======== DATA RECORDS
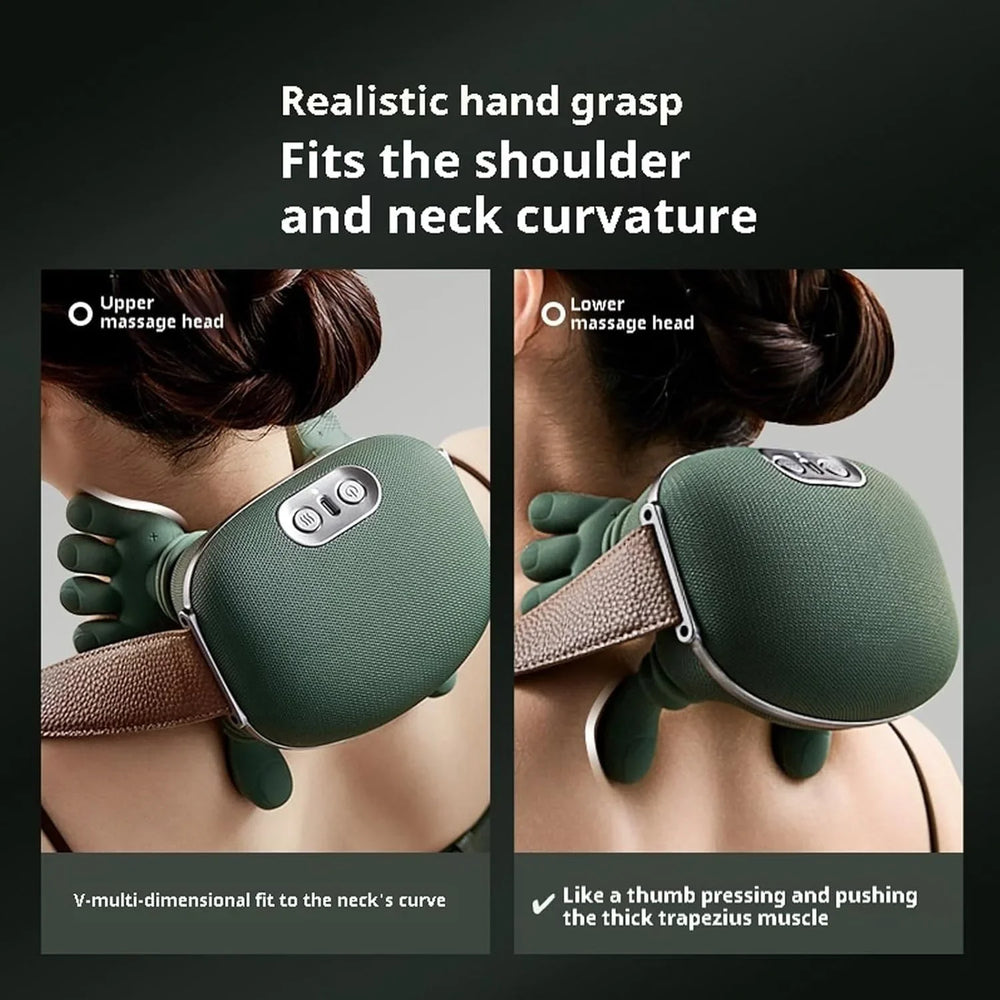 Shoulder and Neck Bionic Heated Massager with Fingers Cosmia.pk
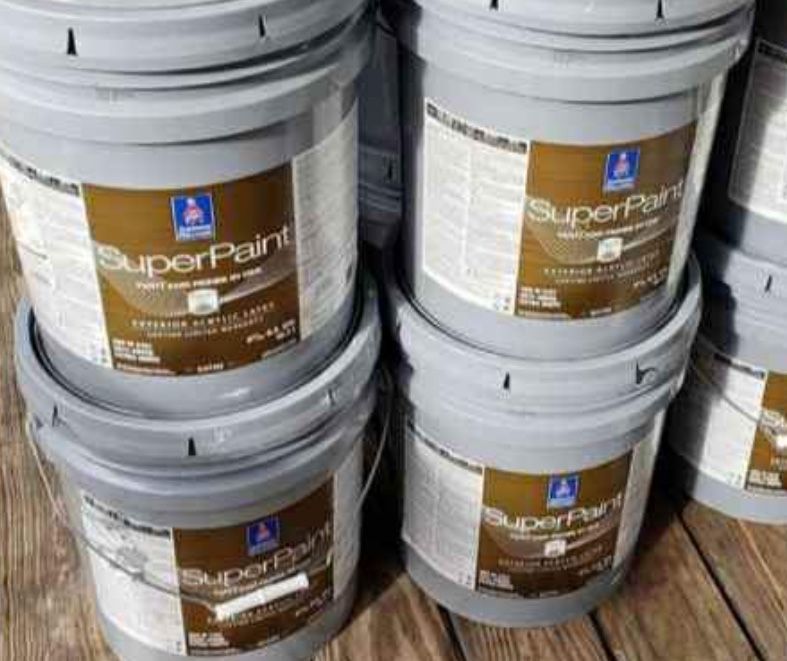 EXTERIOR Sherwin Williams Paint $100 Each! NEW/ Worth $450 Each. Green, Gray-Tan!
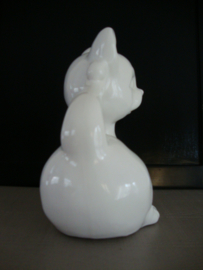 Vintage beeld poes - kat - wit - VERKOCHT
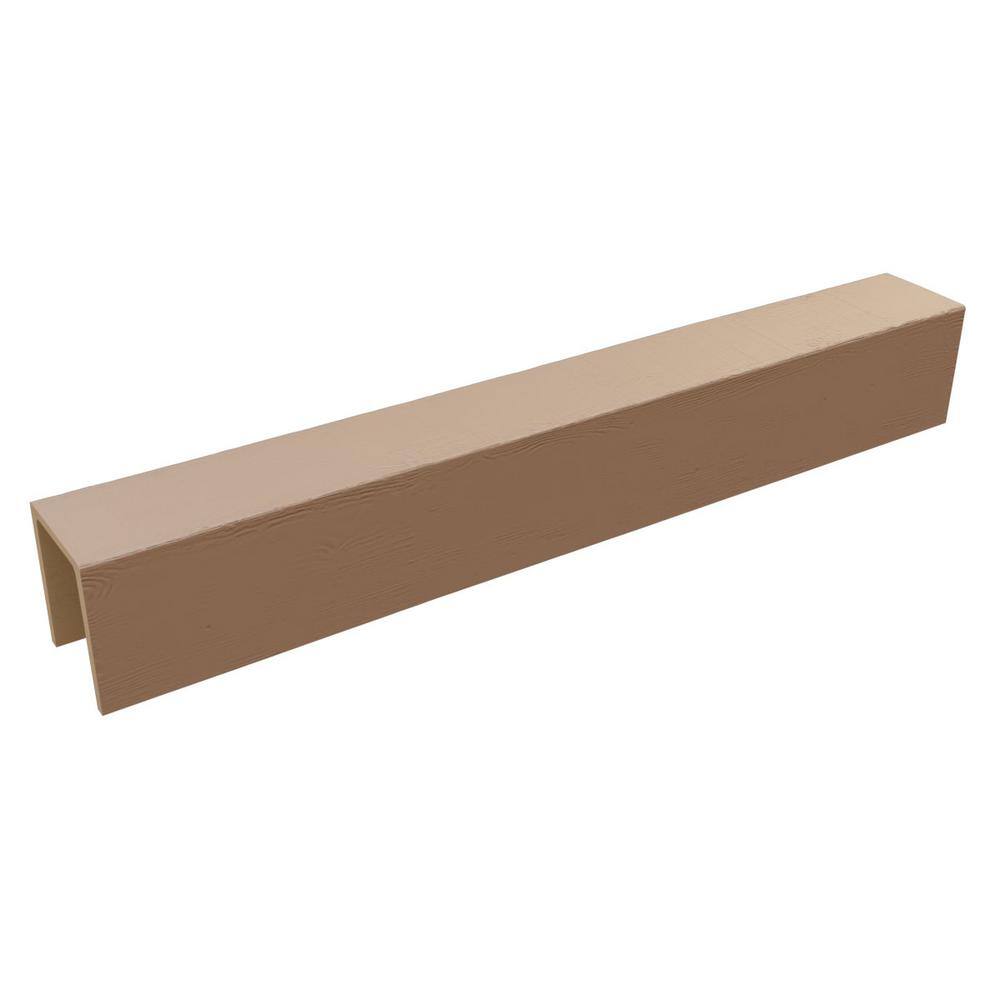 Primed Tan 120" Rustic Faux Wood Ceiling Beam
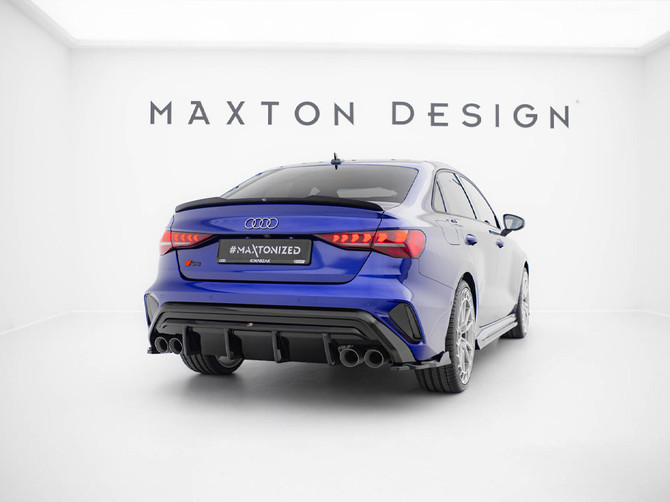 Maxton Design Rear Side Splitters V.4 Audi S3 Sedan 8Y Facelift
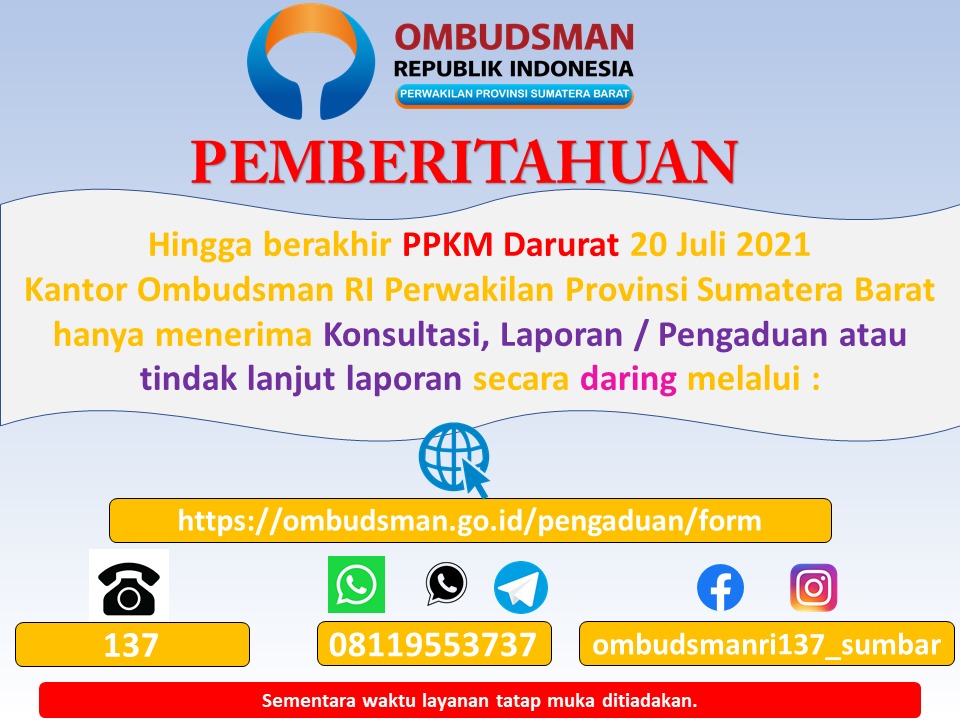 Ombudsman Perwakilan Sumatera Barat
================
======== DATA RECORDS
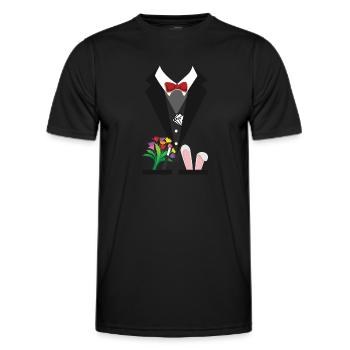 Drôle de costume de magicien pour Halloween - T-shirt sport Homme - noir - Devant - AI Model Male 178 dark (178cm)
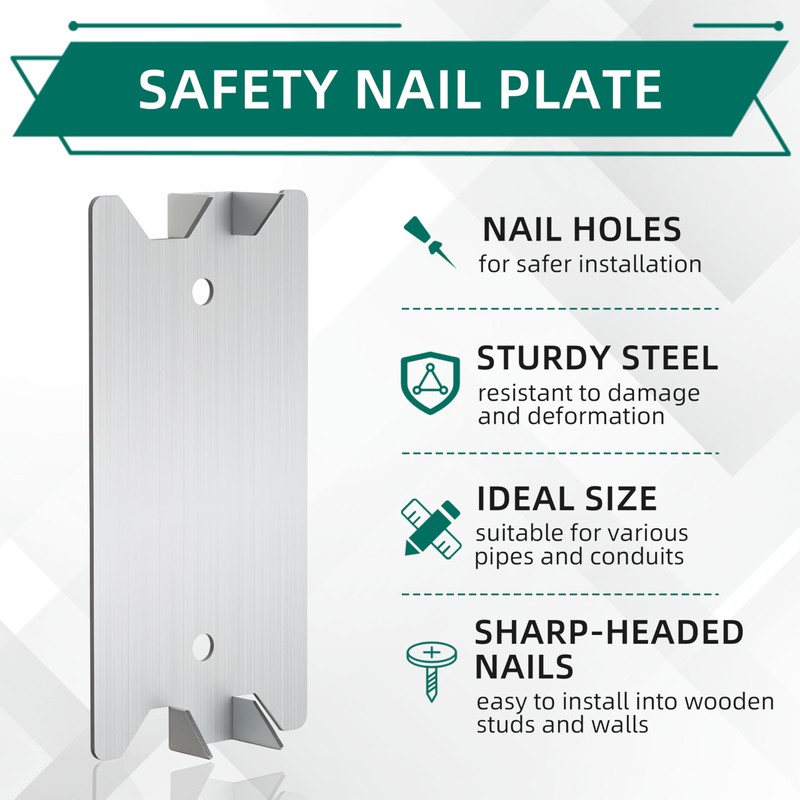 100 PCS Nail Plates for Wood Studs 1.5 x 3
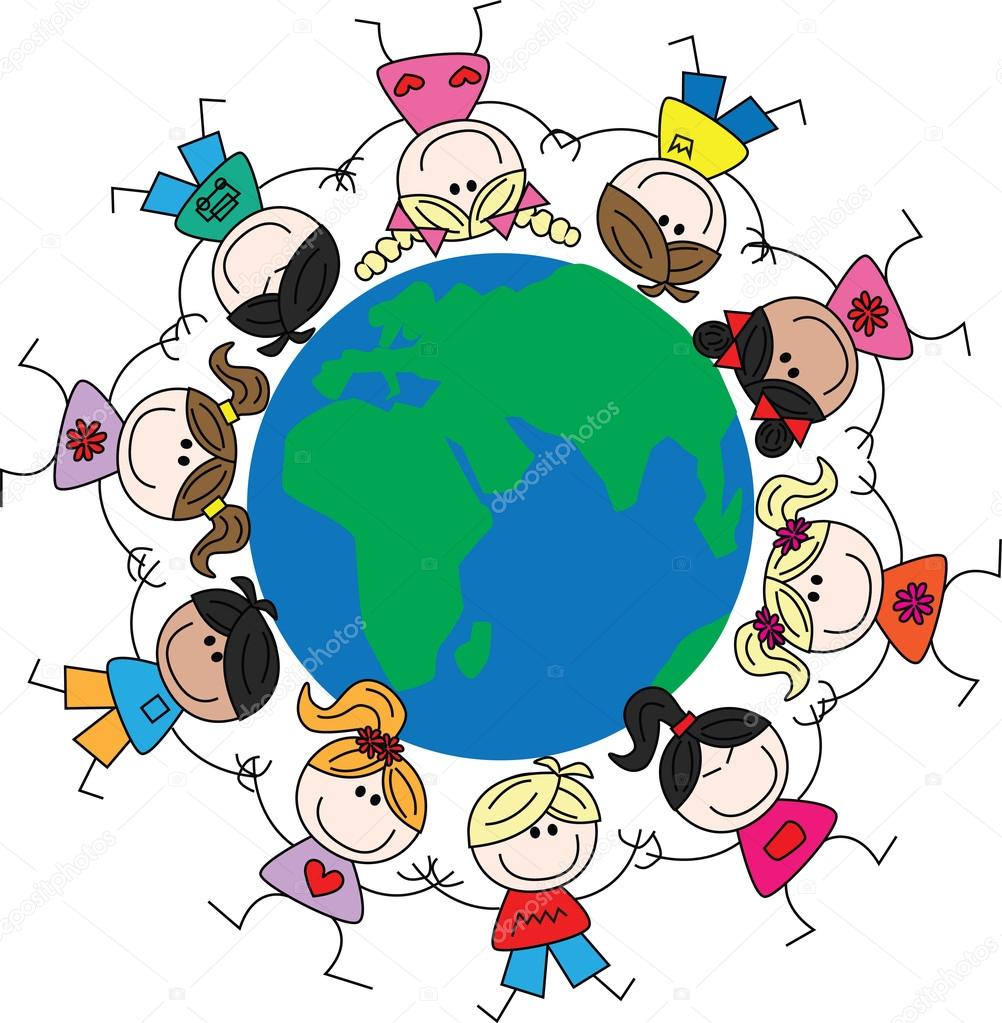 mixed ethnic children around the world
================
======== DATA RECORDS
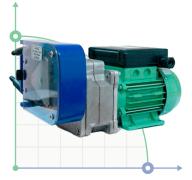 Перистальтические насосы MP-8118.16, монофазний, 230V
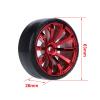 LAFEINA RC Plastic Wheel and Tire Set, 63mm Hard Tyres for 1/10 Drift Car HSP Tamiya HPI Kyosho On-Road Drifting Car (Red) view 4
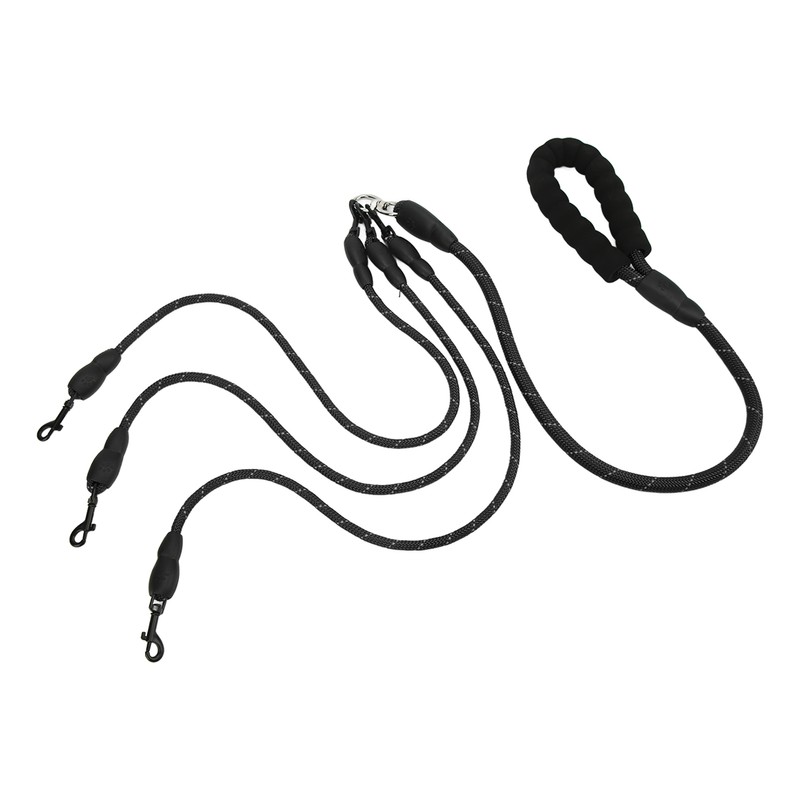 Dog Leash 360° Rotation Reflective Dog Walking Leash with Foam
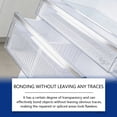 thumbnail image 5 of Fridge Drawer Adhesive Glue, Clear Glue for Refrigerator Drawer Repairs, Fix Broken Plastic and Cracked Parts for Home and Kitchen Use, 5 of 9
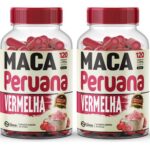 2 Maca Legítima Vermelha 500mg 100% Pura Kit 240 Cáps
================
== TRY IT ==
Could you output exactly the lines above, from the line with "Drôle de costume" up to and including the line with "mixed ethnic children around the world", and nothing else, skipping the pictures?

== ANSWER TO THIS PROBLEM ==
 Drôle de costume de magicien pour Halloween - T-shirt sport Homme - noir - Devant - AI Model Male 178 dark (178cm)
 100 PCS Nail Plates for Wood Studs 1.5 x 3
 mixed ethnic children around the world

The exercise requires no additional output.